Quebrado porque foi assim que ficaram as sua pernas desde que lhe caiu em cima um pesado carvalho, num monte distante, donde regressou a casa numa padiola, consolidando as fracturas, sabe-se lá quantas, na enxerga feita de linho tosco e cheia de palha de centeio, deixando-o dependente de duas bengalas para o ainda longo resto da sua longa vida.

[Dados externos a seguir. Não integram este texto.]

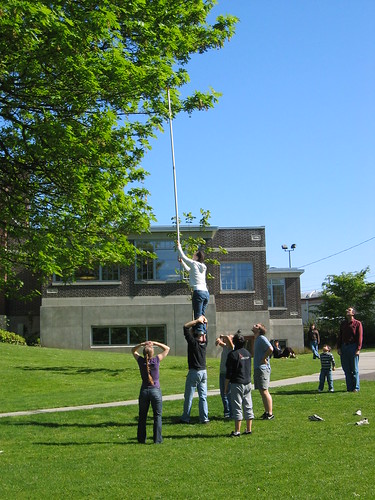 How circus arts students get an Aerobie® out of a tree...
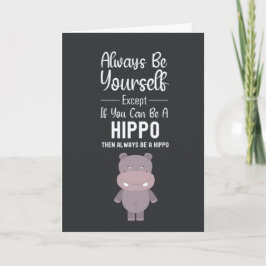 Cute Hippo Cards Humor Hippopotamus Funny Animal Karte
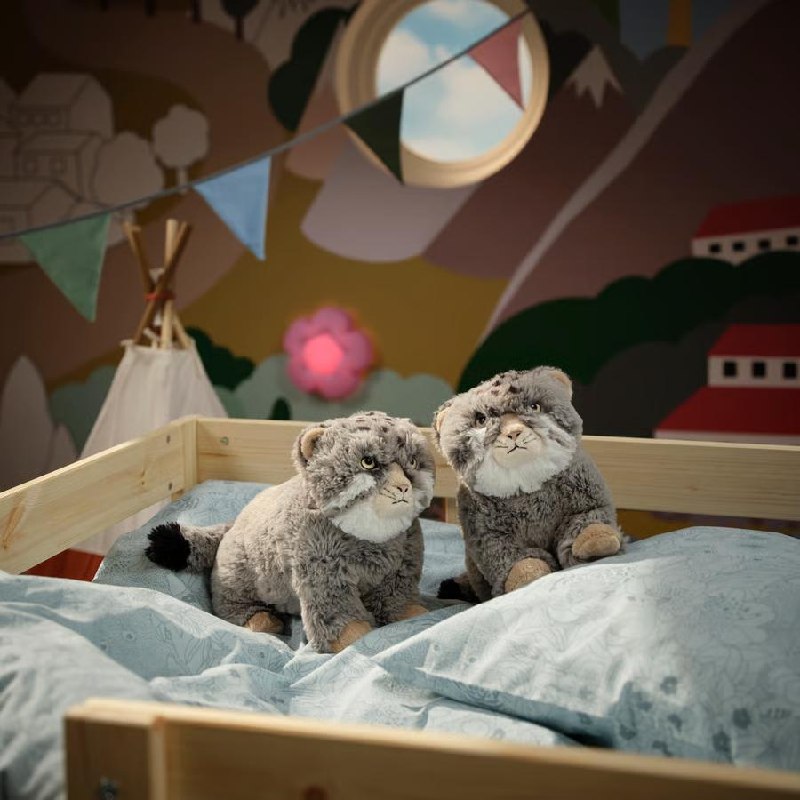 IKEA выпустит плюшевого манула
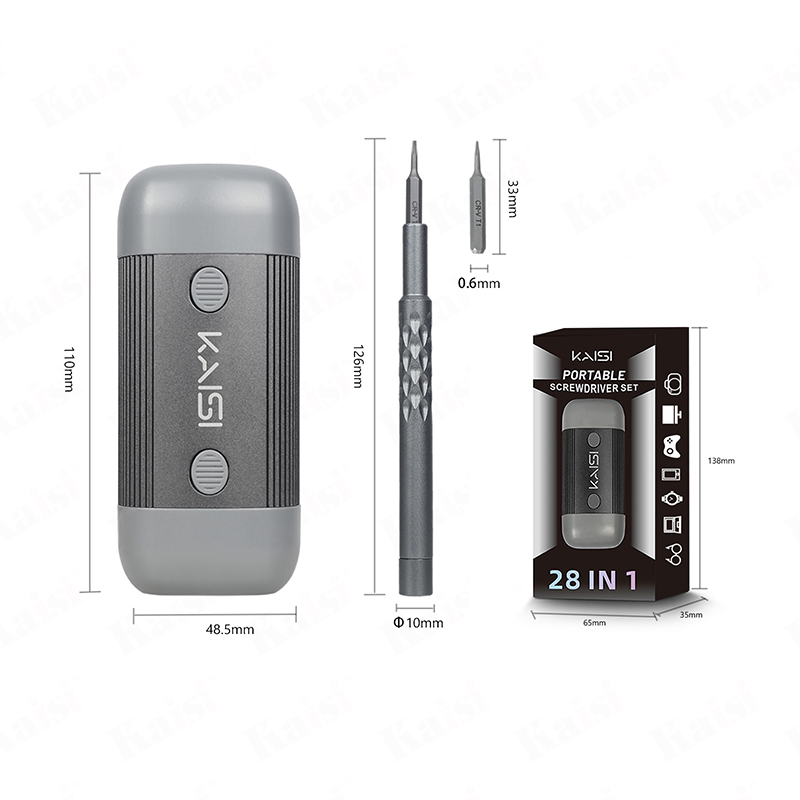 طقم مفكات كايسي 28 في 1 محمول  - مراجعة Electronics Repair Tools And Equipment وسعره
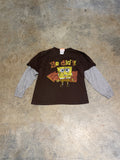 Spongebob 2006 He Did It Kids 6/7 LS Shirt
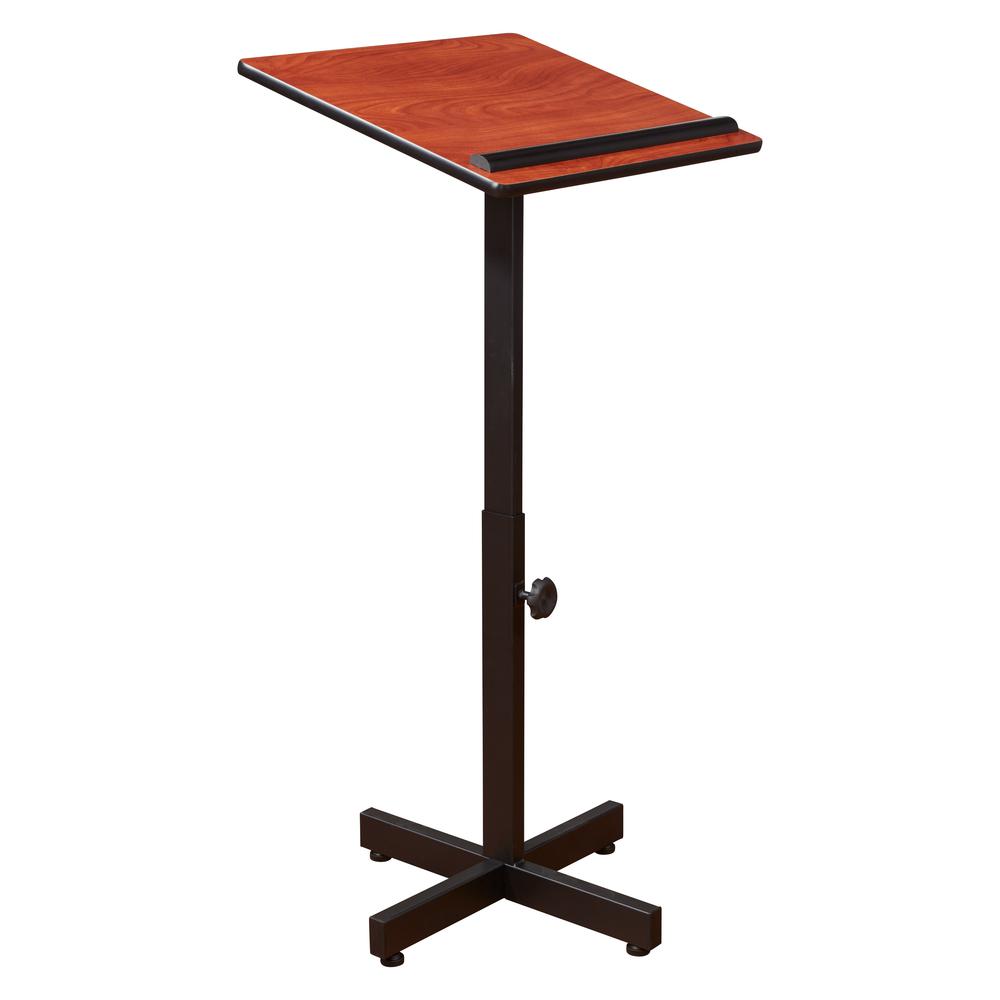 Oklahoma Sound Portable Presentation Lectern Stand, Cherry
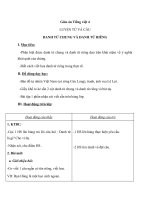 Giáo án tiếng việt 4 tuần 6 bài luyện từ và câu   danh từ chung và danh từ riêng 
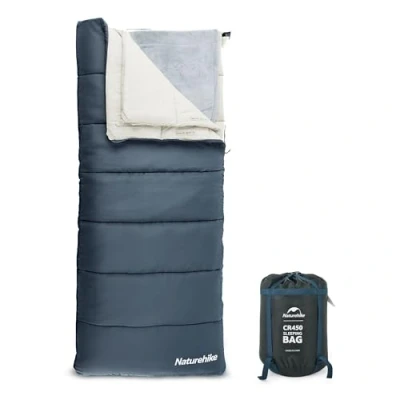 Image of Naturehike Envelope Sleeping Bag, 5℃ To 13℃, 300GSM Cotton Waterproof All Season Removable Suitable for Camping, Mountain Climbing, Hiking, Indoor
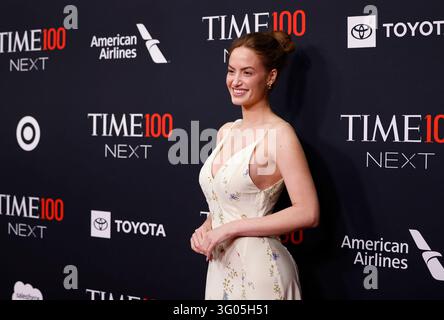 Haley Kalil arrives at Time100 Next, celebrating 100 emerging leaders ...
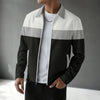 Herren Langarm Jacke mit Kragen Reißverschluss | Minimalistisch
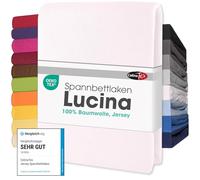 CelinaTex Lucina Fitted Sheet Cotton 200x200-200x220 cm snow white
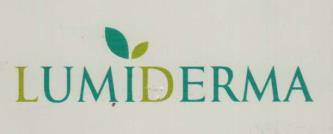 LUMIDERMA (and logo) trademark logo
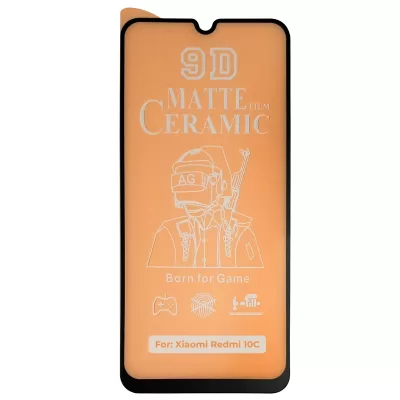 Защитное стекло Xiaomi Redmi 10C Ceramics (Matte)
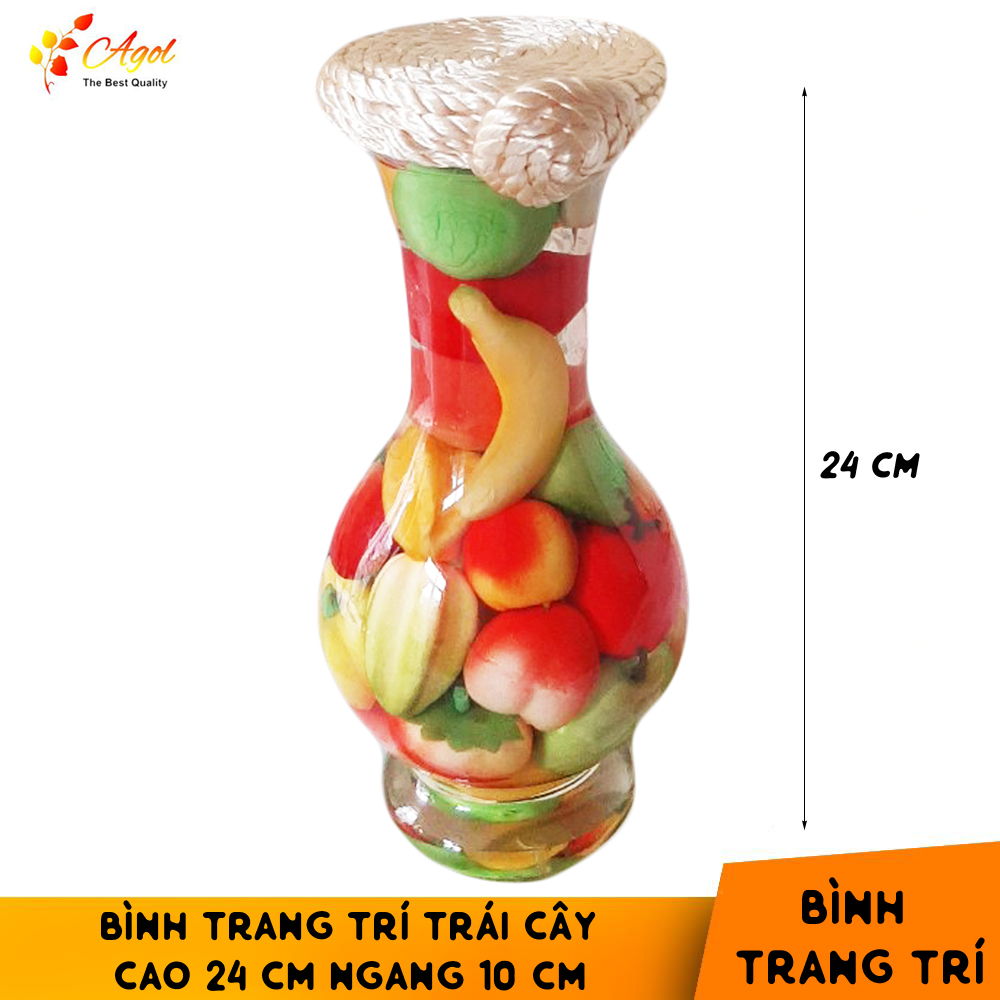 Bình trang trí trái cây loại trung (cao 24 cm * ngang 10 cm)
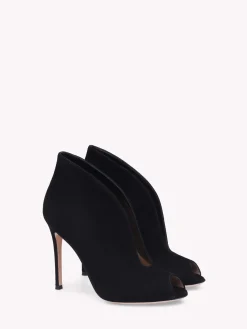 Booties-Gianvito Rossi VAMP BLACK SUEDE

Sábio porque era um regalo ouvi-lo falar de tudo, do mundo, da sua vida cheia de acontecimentos que só uma volta profunda aos arquivos da memória ainda descobre: das viagens migratórias, a pé, para o Douro; da travessia do Marão, antro de ladrões onde o perigo espreitava a cada curva do caminho; do dia de regresso a casa com um mau augúrio sempre presente e que se confirmou ao encontrar a mãe jazendo no leito da morte; do Mestre Escola que o ensinou a ler e escrever; do Padre Bernardino, um galego exilado que naquele lugar do fim do mundo encontrou guarida e deixou um perfume de cultura; da tropa; da guerra civil em Espanha; da fome; das senhas de racionamento; das fugas com os haveres para os bosques longínquos para se furtarem ao controle dos fiscais; da prisão por ousar procurar uma vida melhor em Espanha, ou lá onde quer que fosse; do proibitivo lume que fazia com uma pederneira improvisada para acender o magro cigarro que era mais papel que tabaco; das venturas e desventuras de uma vida cheia de tudo e de nada.
Tinha um lugar de destaque entre os anciãos do lugar e era consultado por causa da partilha das águas, das estremas das propriedades, dos caminhos e servidões, para ler uma carta ou escrever a um familiar algures em França ou no Brasil, para rezar um responso por causa de uma rês que se tresmalhara, para fazer um amuleto que tratava as “bichas” de um pálido bebé que definhava e não se alimentava, para informar as horas que o velho relógio de parede não se cansava de bater…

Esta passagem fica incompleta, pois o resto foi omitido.